In overcoming sin and freeing us from its hold, Jesus Christ also frees us from the power of the devil, from death itself, and from the fear of death. He opens up for us the possibility of living in real freedom and security -- no longer having to fear death and no longer being driven in our life and actions by it. For the "sting" -- what really hurt -- of death was due to sin, and when sin is forgiven, the sting of death is removed and ultimately overcome in resurrection from the dead.
For the law of the spirit of life in Christ Jesus has freed you from the law of sin and death (Romans 8:2).

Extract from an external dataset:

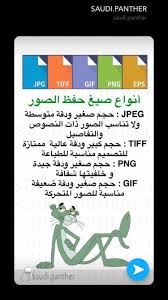 Pin By Esraa Al Hassani On Computers Learning Websites Programming Apps Learning Apps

Now since the children share in blood and flesh, he [Jesus] likewise shared in them, that through death he might destroy the one who has the power of death, that is, the devil, and free those who through fear of death had been subject to slavery all their life (Hebrews 2:14-16).

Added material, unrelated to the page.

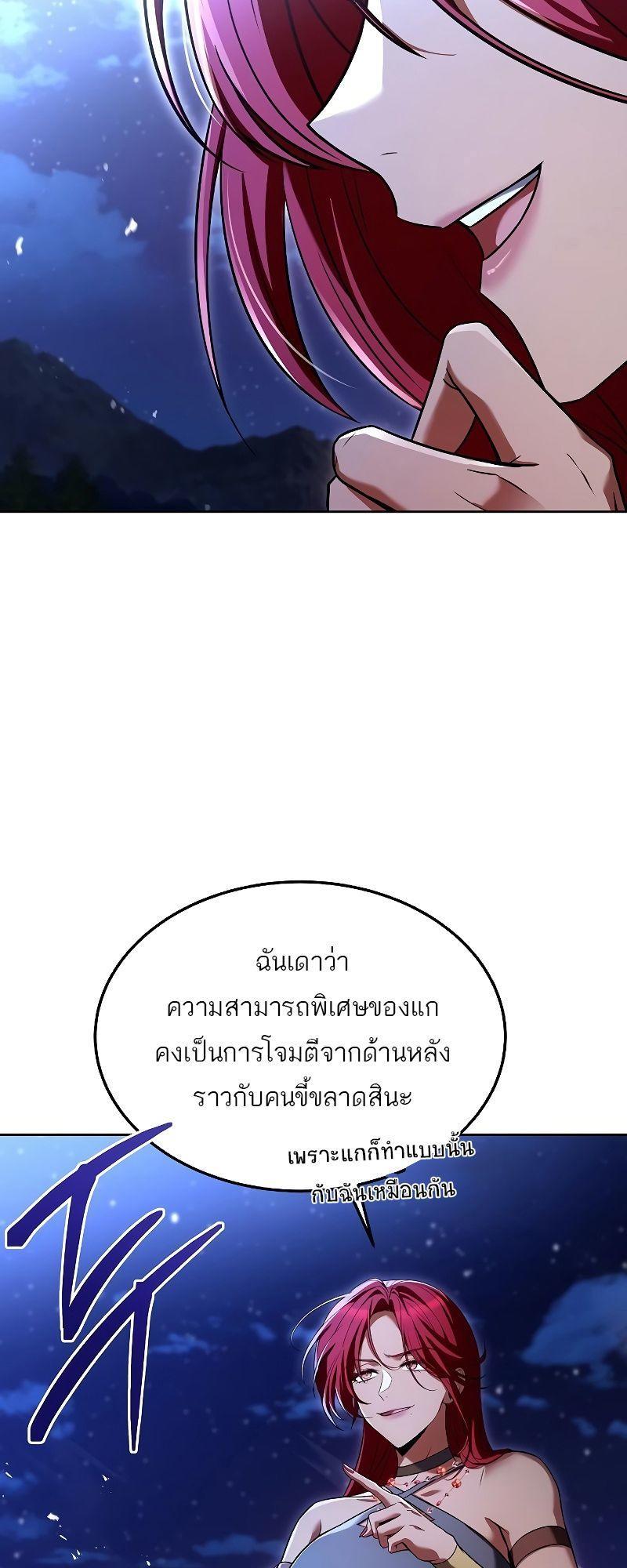 A Wizard’s Restaurant ตอนที่ 36 29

If the Spirit of the one who raised Jesus from the dead dwells in you, the one who raised Christ from the dead will give life to your mortal bodies also, through his Spirit that dwells in you (Romans 8:11).

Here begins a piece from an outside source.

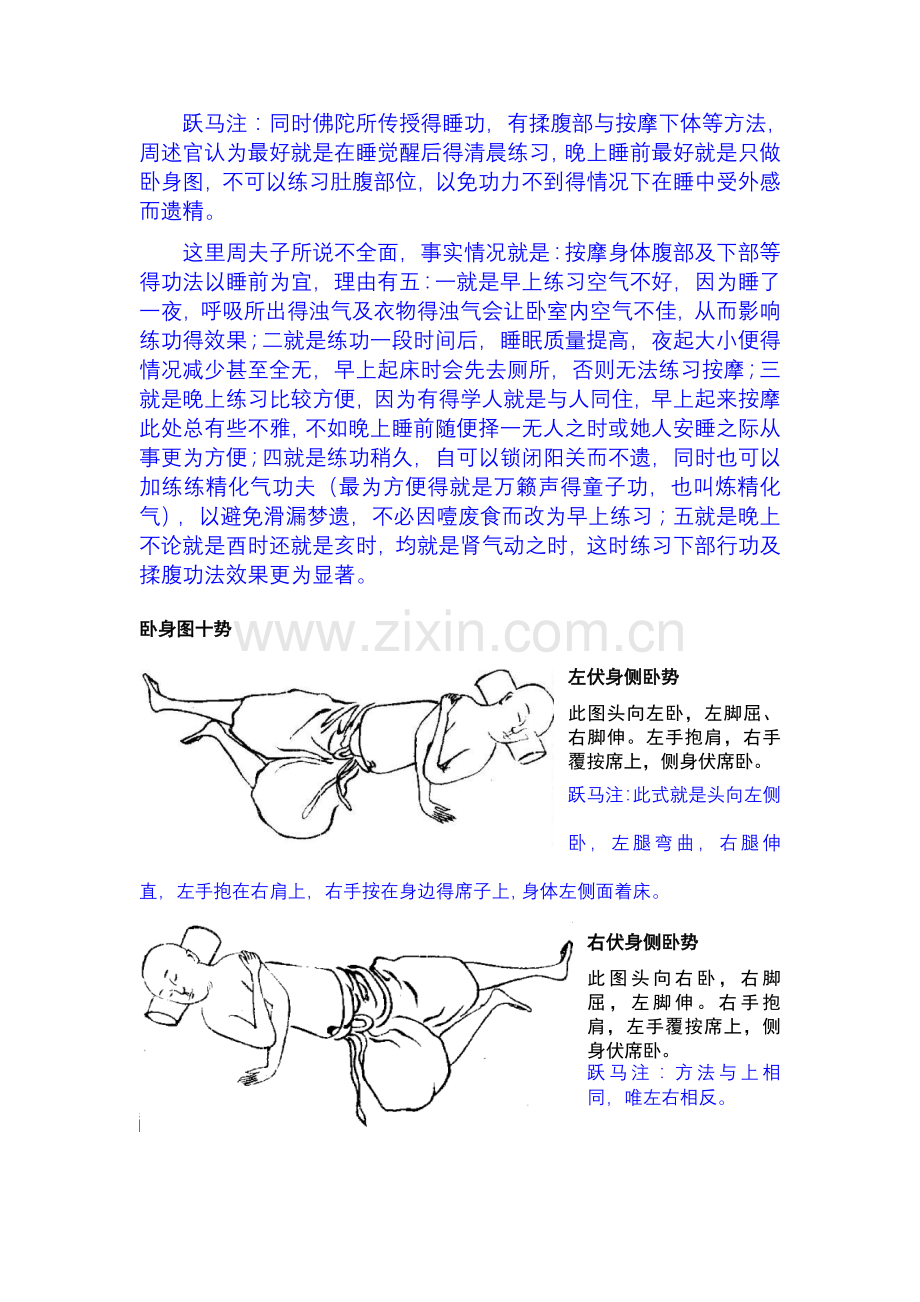 周版易筋经卧身图动作详解.doc_第2页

Notice how personal it all is. It was Jesus' death that broke the power of the devil, the power of death, and freed us from living in fear of death as slaves to sin and Satan our whole lives long. It's our faith in Jesus and our union with him that free us and enable us to continue to live free, indeed, to grow in freedom, until it becomes the glorious freedom of the sons and daughters of God.
Unless we're alive at the second coming of Christ (wouldn't that be wonderful?), all of us still have to die. There's still a penalty to be paid for sin and we all must share in it. Yet the penalty is now no longer eternal separation from God under the rule of the devil in hell, an eternal death. Death, for a Christian, for one in union with Jesus, becomes a doorway to a more glorious resurrection to be experienced fully when Jesus Christ returns. Death for someone not in union with Jesus is something truly awful: a passageway to the eternal torment of hell.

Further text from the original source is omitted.